START DATASET RECORDS
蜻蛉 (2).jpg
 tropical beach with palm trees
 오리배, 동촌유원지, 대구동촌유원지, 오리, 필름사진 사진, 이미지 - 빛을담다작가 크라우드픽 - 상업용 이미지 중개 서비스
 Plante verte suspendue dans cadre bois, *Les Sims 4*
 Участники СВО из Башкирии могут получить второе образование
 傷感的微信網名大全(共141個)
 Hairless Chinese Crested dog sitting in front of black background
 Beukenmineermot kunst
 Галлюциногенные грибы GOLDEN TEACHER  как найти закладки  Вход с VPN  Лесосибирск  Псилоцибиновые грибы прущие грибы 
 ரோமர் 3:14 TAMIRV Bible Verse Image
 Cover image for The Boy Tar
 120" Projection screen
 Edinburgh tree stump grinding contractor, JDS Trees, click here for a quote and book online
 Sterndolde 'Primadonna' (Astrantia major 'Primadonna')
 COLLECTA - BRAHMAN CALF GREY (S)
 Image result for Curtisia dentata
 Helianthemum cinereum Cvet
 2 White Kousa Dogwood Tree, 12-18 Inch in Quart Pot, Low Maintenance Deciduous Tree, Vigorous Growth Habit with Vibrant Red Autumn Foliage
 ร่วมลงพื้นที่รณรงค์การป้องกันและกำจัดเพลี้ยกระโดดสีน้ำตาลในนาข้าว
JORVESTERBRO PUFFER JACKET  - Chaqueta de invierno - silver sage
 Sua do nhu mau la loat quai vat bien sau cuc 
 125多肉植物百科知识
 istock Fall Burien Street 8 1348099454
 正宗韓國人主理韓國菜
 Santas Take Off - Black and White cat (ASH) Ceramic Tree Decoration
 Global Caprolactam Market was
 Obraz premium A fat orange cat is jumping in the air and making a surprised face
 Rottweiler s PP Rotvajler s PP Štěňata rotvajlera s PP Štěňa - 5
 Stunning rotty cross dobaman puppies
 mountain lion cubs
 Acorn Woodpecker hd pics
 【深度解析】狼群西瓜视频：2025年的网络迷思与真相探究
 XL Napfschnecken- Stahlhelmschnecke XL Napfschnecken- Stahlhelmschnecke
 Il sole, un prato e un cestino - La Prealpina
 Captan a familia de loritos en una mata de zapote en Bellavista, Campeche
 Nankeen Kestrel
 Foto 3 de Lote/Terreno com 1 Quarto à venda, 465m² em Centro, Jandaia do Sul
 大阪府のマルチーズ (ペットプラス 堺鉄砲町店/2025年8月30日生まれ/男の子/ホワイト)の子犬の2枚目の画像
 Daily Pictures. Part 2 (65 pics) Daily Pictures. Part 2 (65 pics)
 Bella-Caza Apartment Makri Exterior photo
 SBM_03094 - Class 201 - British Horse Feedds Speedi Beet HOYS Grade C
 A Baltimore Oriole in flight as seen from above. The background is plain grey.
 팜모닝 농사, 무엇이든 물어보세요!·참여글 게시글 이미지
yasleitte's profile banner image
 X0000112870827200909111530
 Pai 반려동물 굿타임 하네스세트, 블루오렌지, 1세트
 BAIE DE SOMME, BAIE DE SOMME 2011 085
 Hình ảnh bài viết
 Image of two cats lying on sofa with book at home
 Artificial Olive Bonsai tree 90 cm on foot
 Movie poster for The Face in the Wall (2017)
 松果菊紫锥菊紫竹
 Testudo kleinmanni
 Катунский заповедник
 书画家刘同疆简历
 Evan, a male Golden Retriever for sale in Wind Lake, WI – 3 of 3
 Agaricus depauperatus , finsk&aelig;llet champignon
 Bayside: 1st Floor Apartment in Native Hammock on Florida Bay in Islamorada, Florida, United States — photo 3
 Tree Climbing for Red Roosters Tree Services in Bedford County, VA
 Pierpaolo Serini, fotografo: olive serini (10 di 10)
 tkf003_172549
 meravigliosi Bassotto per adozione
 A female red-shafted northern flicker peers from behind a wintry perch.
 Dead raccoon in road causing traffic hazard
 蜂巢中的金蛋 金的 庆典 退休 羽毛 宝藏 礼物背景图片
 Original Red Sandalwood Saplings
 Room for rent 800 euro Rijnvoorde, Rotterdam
END DATASET RECORDS
EXERCISE DESCRIPTION ::
Could you set down, word for word, only the lines above from the line with "Plante verte suspendue" to the line with "Beukenmineermot kunst", including both?

YOUR RESPONSE ::
 Plante verte suspendue dans cadre bois, *Les Sims 4*
 Участники СВО из Башкирии могут получить второе образование
 傷感的微信網名大全(共141個)
 Hairless Chinese Crested dog sitting in front of black background
 Beukenmineermot kunst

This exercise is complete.